Oh, certes, les Lumières ont amené la table rase de la Révolution, puis l’exacerbation paranoïaque de la Terreur, le rationalisme dévoyé du scientisme et le moralisme condescendant du colonialisme : les raisonnables savaient tellement mieux que tout le monde, n’est-ce pas, ce qui était bon pour les autres ! Ils avaient reçu la révélation de la Vérité de leur propre esprit, tout comme Mahomet avait reçu la Parole de Dieu de Djibril (Gabriel) même... Les règlementations françaises en ont gardé un travers bien connu : dire le Vrai et l’Unique, pour le monde entier, de toute éternité - sans jamais tenir compte des particularités individuelles... Mais, fort heureusement, les Lumières sont bien autre chose que cette caricature pour intellos imbus. Todorov relève cinq vertus des Lumières : l’autonomie, la laïcité, la vérité, l’humanité et l’universalité.
Oser penser par soi-même avait ravi Diderot. La tradition constitue un être humain mais ne suffit pas à rendre quoi que ce soit légitime ; il y faut la raison. Celle-ci n’est pas seule en l’homme, mais flanquée de la volonté et des désirs. La raison peut éclairer l’homme, mais elle peut aussi faire le mal car l’autonomie n’est pas l’autosuffisance : l’homme n’est humain qu’en société... et toute société exerce sur l’individu une pression aliénante par la mode, l’opinion commune, le qu’en-dira-t-on. C’est pour cela que Rousseau fit élever Emile hors des villes. De même la critique qui émane de la raison est-elle utile mais, lorsqu’elle s’exacerbe et tourne à vide, elle devient un jeu gratuit, une "private joke" stérile entre intellos.
Dès lors, la vérité n’est pas le Bien transcendant, mais ce qu’on trouve. Et pouvoir n’est pas du même ordre que savoir. Eduquer aux valeurs n’est pas du même ordre qu’instruire les faits. Nulle volonté collective ne peut rembarrer l’indépendance de la vérité si elle est recherchée selon les méthodes de la raison. Le réel n’est pas de convenance idéologique mais s’impose, sous peine de délirer, ce qui signifie « sortir du sillon de labour », perdre la raison, et se trouver alors gibier tout trouvé pour le n’importe quoi d’une volonté ou des désirs.

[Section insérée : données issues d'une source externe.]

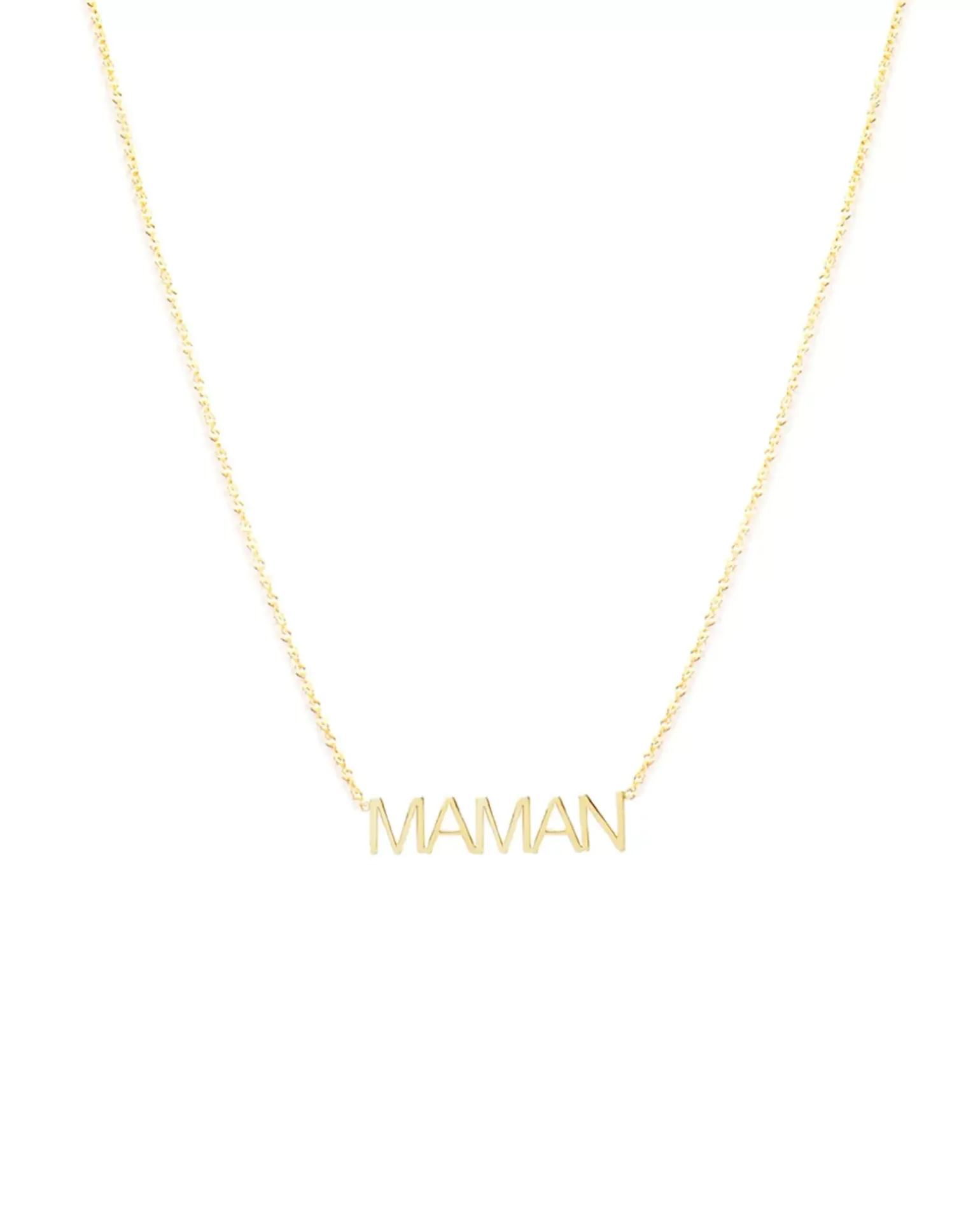 Maman Necklace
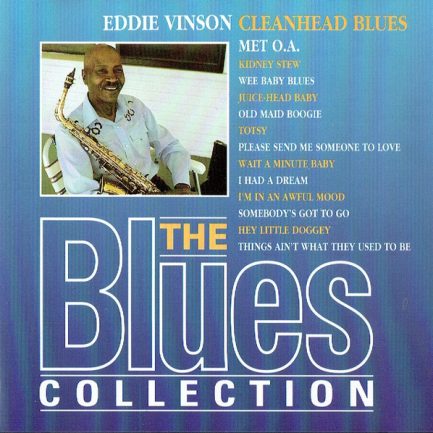 Eddie Vinson - Cleanhead Blues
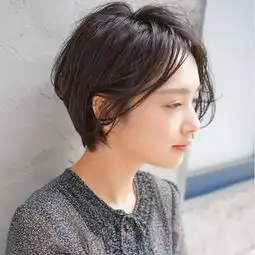 谁说短发没女人味,夏天最新15款气质小女人短发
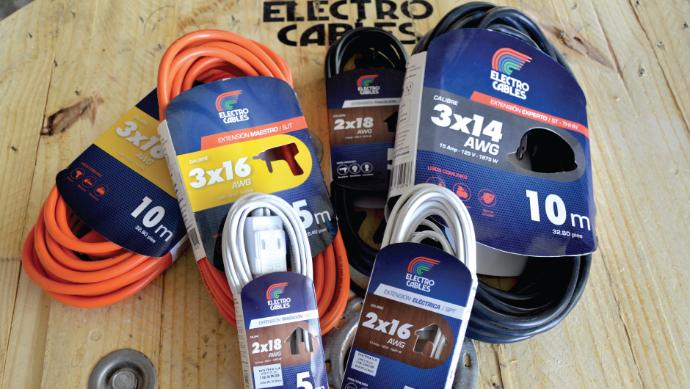 Tienda  Electrocables C.A.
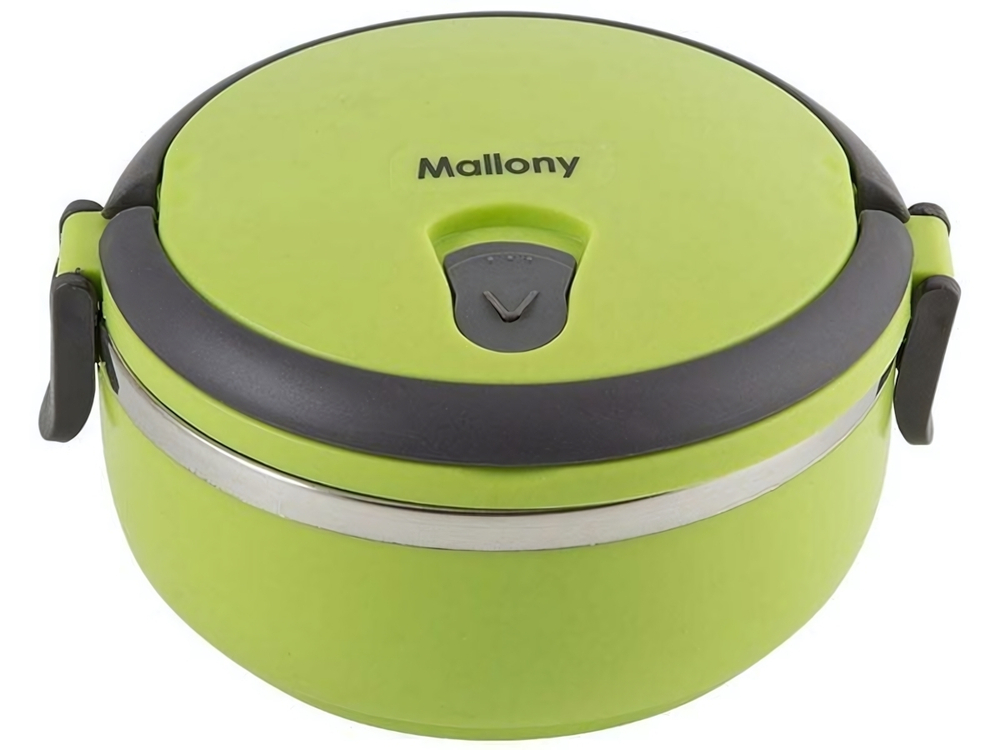 Термоконтейнер пищевой 0,6л нерж "Semplice"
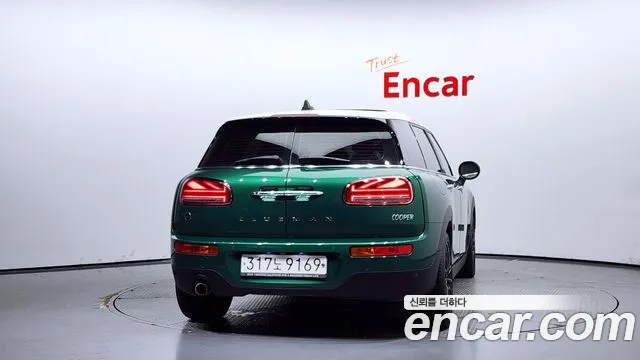 Mini Cooper Clubman id 2825678 из Кореи 14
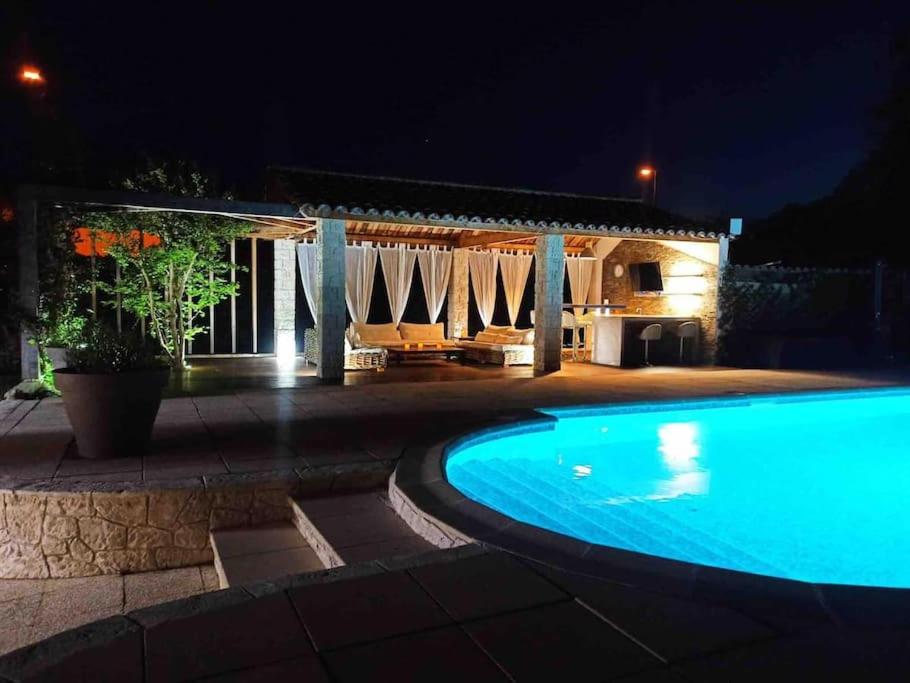 Villa Benji ~ Villa aan de Côte d'Azur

Les Lumières se sont épanouies dans l’Europe du XVIIIe siècle, mais il s’agit bien, selon Todorov, d’une pensée « universelle ». Il en retrouve les traces dans l’Inde du IIIe siècle avant J.-C., dans le christianisme proche-oriental bien sûr, mais aussi dans l’islam des VIIIe au Xe siècles, dans le confucianisme song et même dans l’Afrique anti-esclaves du XVIIe siècle. Mais le mouvement éclot en Europe en raison de son autonomie politique et de la séparation acquise de haute lutte entre Dieu et César. Le papisme a laissé dégénérer le savoir, selon Hume ; au contraire, la séparation du spirituel et du temporel l’a régénéré. Le morcellement des puissances, allié à un espace culturel et commercial commun, a rendu l’Europe foisonnante d’échanges matériels et spirituels ; les idées neuves ont circulé sans entrave, tout au contraire des espaces unifiés à autorité affirmée, comme celui de la Chine.
Malgré les dérives et les excès, puissent les Lumières irradier le monde entier afin que l’être humain s’y épanouisse sans heurt. Ce petit livre de 126 pages est un bien beau livre. Une mine politique pour une grande partie du globe, si l’on y réfléchit.